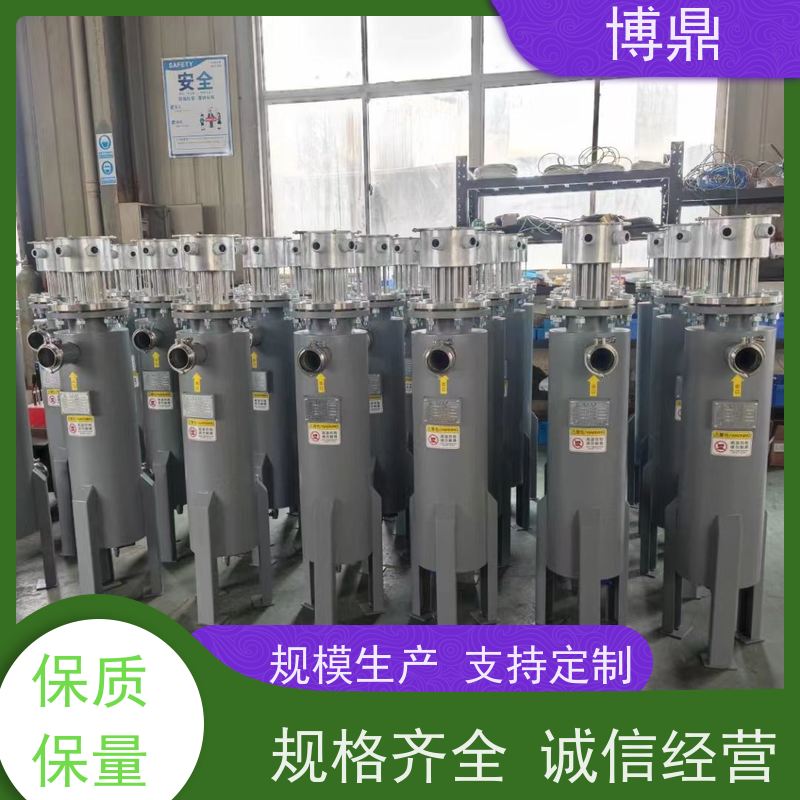 博鼎制热设备高温气体管道加热器用来加热水、油等液体 快速升温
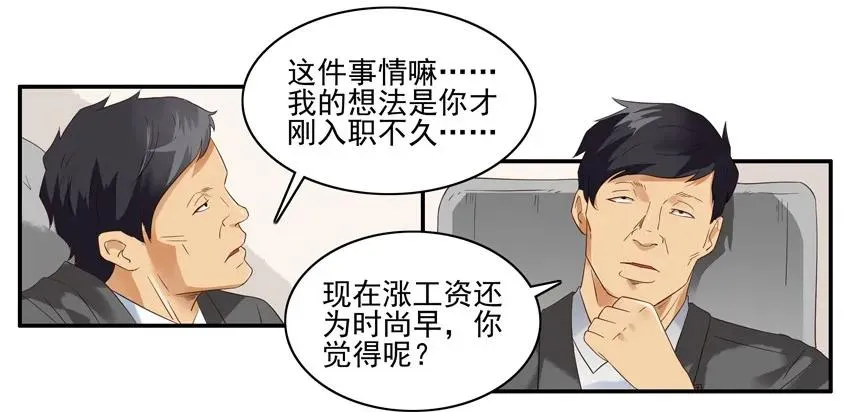 1418 商讨 第11页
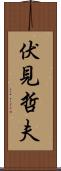 伏見哲夫 Scroll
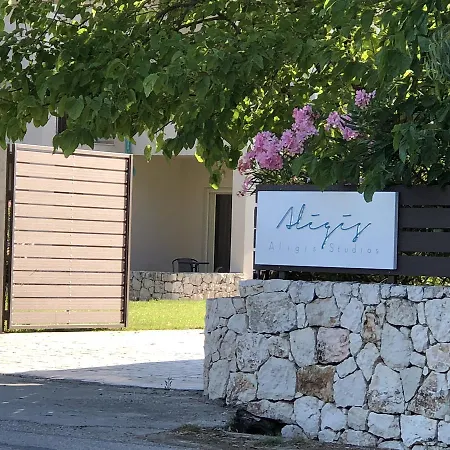 Aligis Hotel apartamentowy 4*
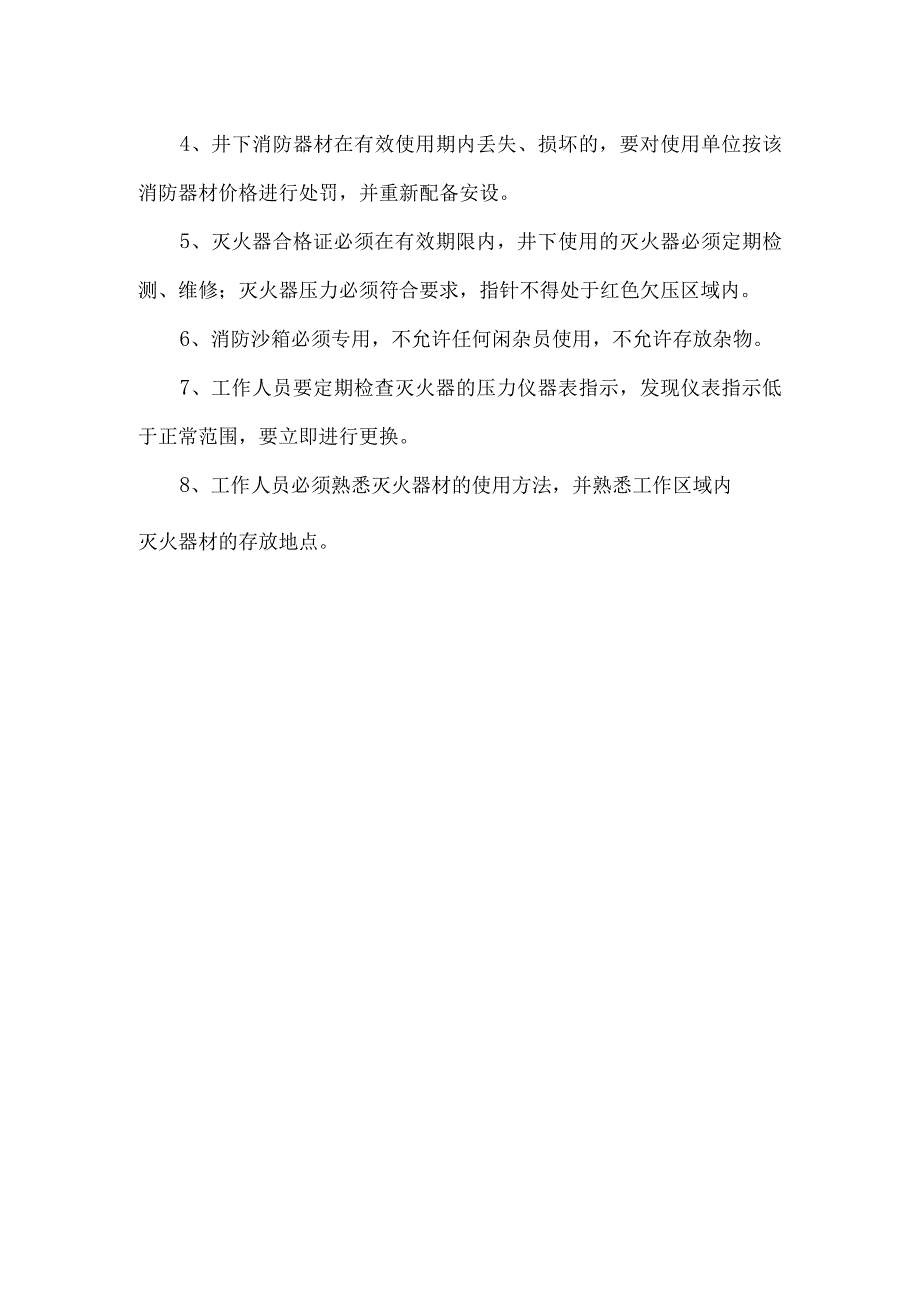 井下消防器材管理制度.docx_第2页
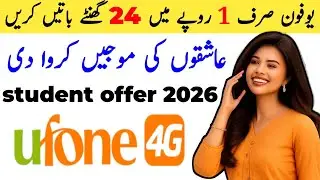 Ufone call package|Ufone 24 hour call package|Ufone best call package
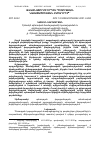 Научная статья на тему 'ԹվայնացումԸ որպես պետության կայացածության բաղադրիչ'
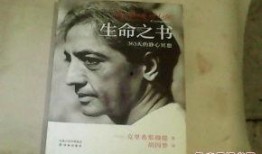 生命之书在线观看免费,探索生命奥秘的旅程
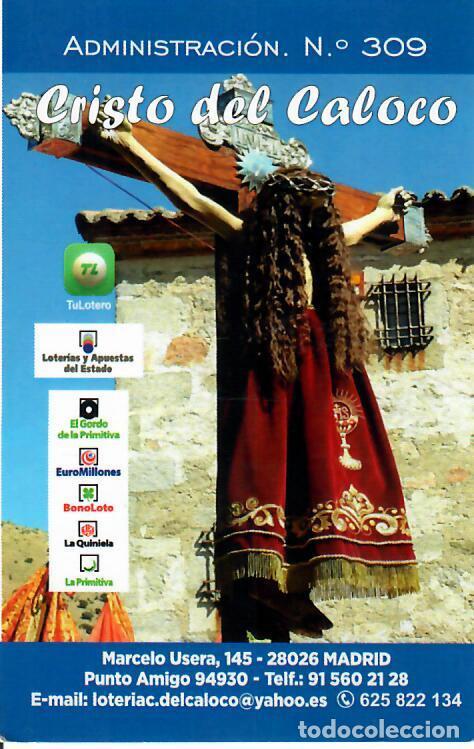 Coleccionismo calendarios: CALENDARIO DE PUBLICIDAD - A&Ntilde;O 2025 - LOTER&Iacute;A CRISTO DEL CALOCO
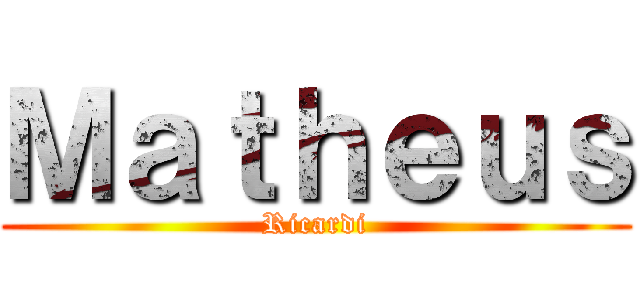 Ｍａｔｈｅｕｓ (Ricardi)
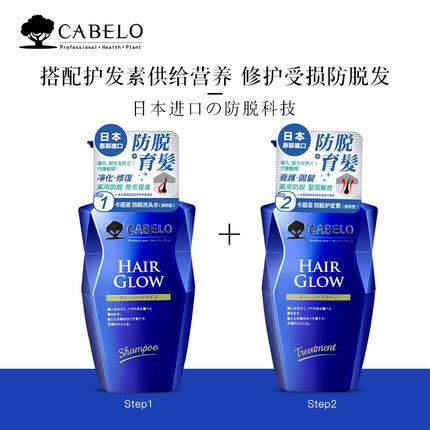 【中欧班列】日本进口卡蓓诺防脱发护发素（损伤型脱发）350ml/瓶 hm 商品图2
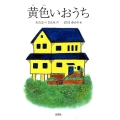 黄色いおうち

──────────

> TRY IT: Only the lines from the one holding "1418 商讨 第11页" through the last line of the records should be output, please, exactly and without any pictures.

> YOUR SOLUTION:
 1418 商讨 第11页
 伏見哲夫 Scroll
 Aligis Hotel apartamentowy 4*
 井下消防器材管理制度.docx_第2页
 Ufone call package|Ufone 24 hour call package|Ufone best call package
 Научная статья на тему 'ԹվայնացումԸ որպես պետության կայացածության բաղադրիչ'
 生命之书在线观看免费,探索生命奥秘的旅程
 Coleccionismo calendarios: CALENDARIO DE PUBLICIDAD - A&Ntilde;O 2025 - LOTER&Iacute;A CRISTO DEL CALOCO
 Ｍａｔｈｅｕｓ (Ricardi)
 【中欧班列】日本进口卡蓓诺防脱发护发素（损伤型脱发）350ml/瓶 hm 商品图2
 黄色いおうち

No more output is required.